SISMI IN EMILIA E VENETO: FENOMENI NON COLLEGATI
Secondo il Mattino di Padova, l’Alpago, il Cansiglio, Vittorio Veneto e dintorni costituiscono l’area più pericolosa del Veneto dal punto di vista sismico. Il terremoto, dunque, rientra nella normale attività tellurica della zona ed è quasi normale che possa verificarsi uno sciame. Pierluigi Bragato, sismologo del Crs-Ogs di Udine, afferma che i terremoti di Emilia e Veneto sono fenomeni distinti, autonomi, ancorché originati nella stessa placca adriatica, che scende dalle Alpi e risale verso gli Appennini. Il presidente della Commissione Grandi rischi, Luciano Maiani, aggiunge: «Questa scossa registrata tra il Veneto ed il Friuli Venezia Giulia non è direttamente collegata alla stessa struttura sismica dell’Emilia, ma sembra far parte di quella ripresa di attività in Val Padana che già seguiamo da gennaio: da mesi stiamo tenendo questa regione sotto la lente di ingrandimento».

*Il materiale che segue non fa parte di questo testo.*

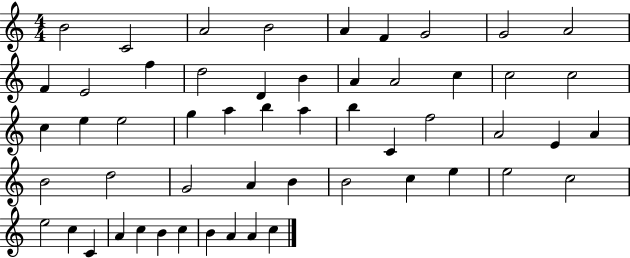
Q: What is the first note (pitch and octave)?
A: B4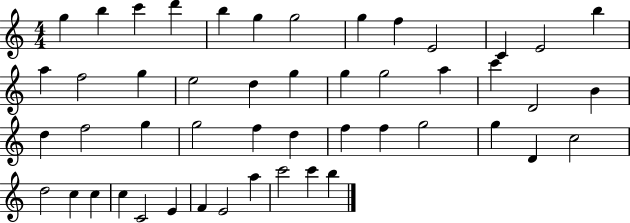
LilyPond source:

Il rischio sismico in Veneto. Cartina tratta dal sito internet de Il Mattino di Padova

«Non si tratta, comunque, della stessa faglia», precisa Paolo Messina, direttore dell’Istituto di Geologia Ambientale e Geoingegneria del Cnr di Roma. La placca Adriatica costituisce la punta più settentrionale di quella Africana, che comprende la costa orientale dell’Italia e l’Adriatico. La placca africana spinge verso Nord, contro quella Eurasiatica, e in questo movimento l’Adriatica scende sotto le Alpi. Bragato spiega che anche questo terremoto è di tipo compressivo. L’energia accumulata costringe una delle due placche (in questo caso quella Africana) a piegarsi, inclinandosi verso il basso, e ad infilarsi sotto l’Eurasiatica. Questo movimento generale può generare terremoti che fra loro sono indipendenti.

LA ZONA DI RAVENNA E I SUOI TERREMOTI
Parlando del terremoto di Ravenna, osservando i dati dell’INGV, si scopre un’altra cosa: sono stati ben 5 i terremoti che hanno colpito la zona di Ravenna, come dimostrano le immagini sotto, tratte dal INGV.

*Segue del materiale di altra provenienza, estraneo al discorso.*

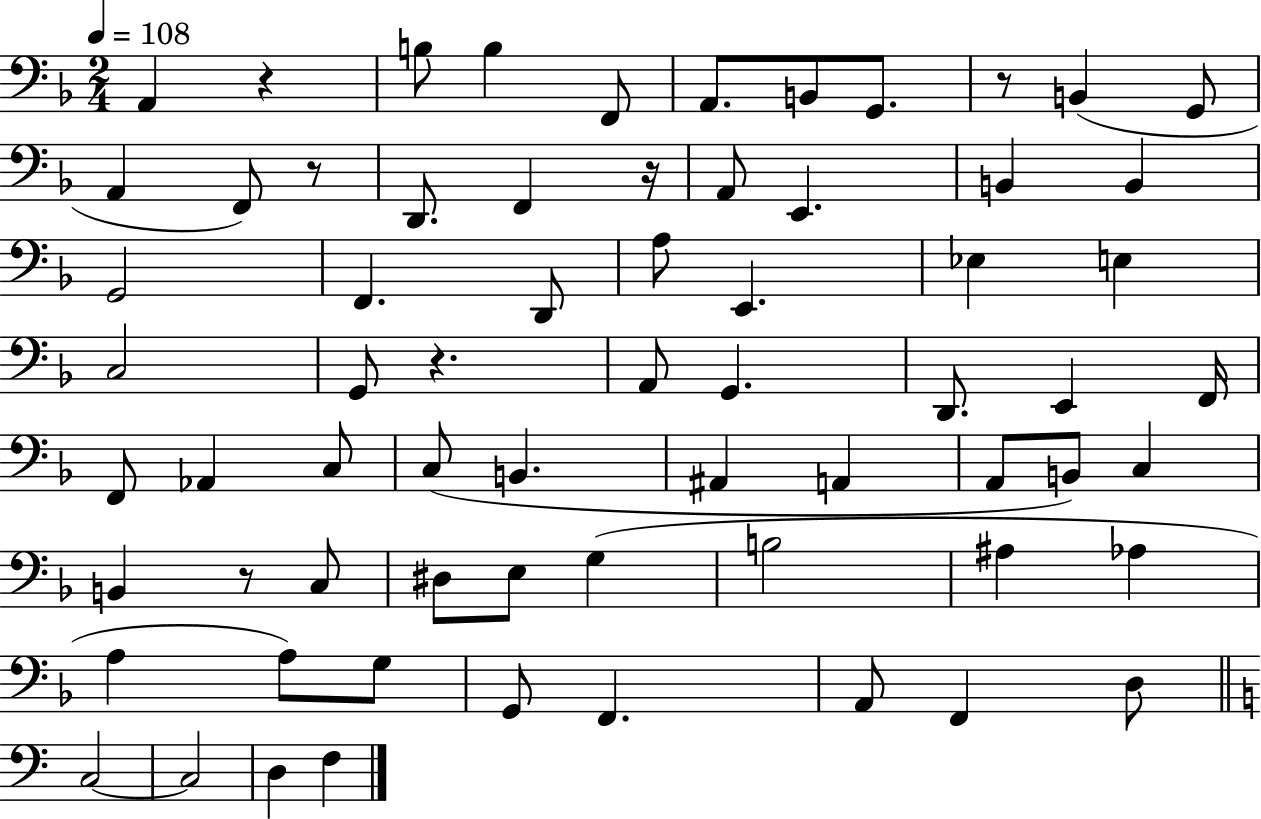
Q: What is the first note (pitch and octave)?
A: A2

E Ravenna, lo ricordiamo, è esattamente il punto più a Est dell’Arco di Ferrara, finora rimasto tranquillo in silenzio. La profondità dei sismi è abbastanza notevole (tranne il terremoto di ieri alle 4: 13 ora italiana di magnitudo 2.3 e profondità 7,2 km), ma può bastare per essere tranquilli? Secondo me no, se si considerano poi altri dati, ciò quelli che parlano dei terremoti avvenuti a Ferrara e dintorni nell’ultimo periodo, e basta guardare il sito per farsene un’idea.


“NATURE”: BARNOSKY, LA TERRA VICINA AL PUNTO DI NON RITORNO
Insomma, i terremoti continuano…e a complicare le cose, ecco un articolo apparso sul blog di Focus che riporta uno studio pubblicato su Nature da Anthony Barnosky, un biologo dell’Università della California. Secondo Barnosky la Terra è vicino al punto di non ritorno e si sta preparando ad affrontare i cambiamenti più drammatici e radicali da 12.000 anni a questa parte, da quando cioè i ghiacci hanno inziato a ritirarsi alla fine dell’ultima glaciazione. Secondo Barnosky e i suoi colleghi il problema è causato dall’eccesiva pressione alla quale stiamo sottoponendo il pianeta: a un certo punto, impossibile da prevedere, qualcosa si rompe scatenando una serie di reazioni a catena i cui effetti devastanti si amplificano un passaggio dopo l’altro. L’articolo (disponibile all’indirizzo linkato sopra), fa riferimento più che altro allo scioglimento dei ghiacci, ma mi viene da chiedermi: il punto di non ritorno della Terra, i cambiamenti radicali e drammatici di cui si parla, possono essere considerati anche i terremoti in atto? Un pericoloso EffettoDomino che una volta messo in moto è difficile, se non impossibile, arrestare?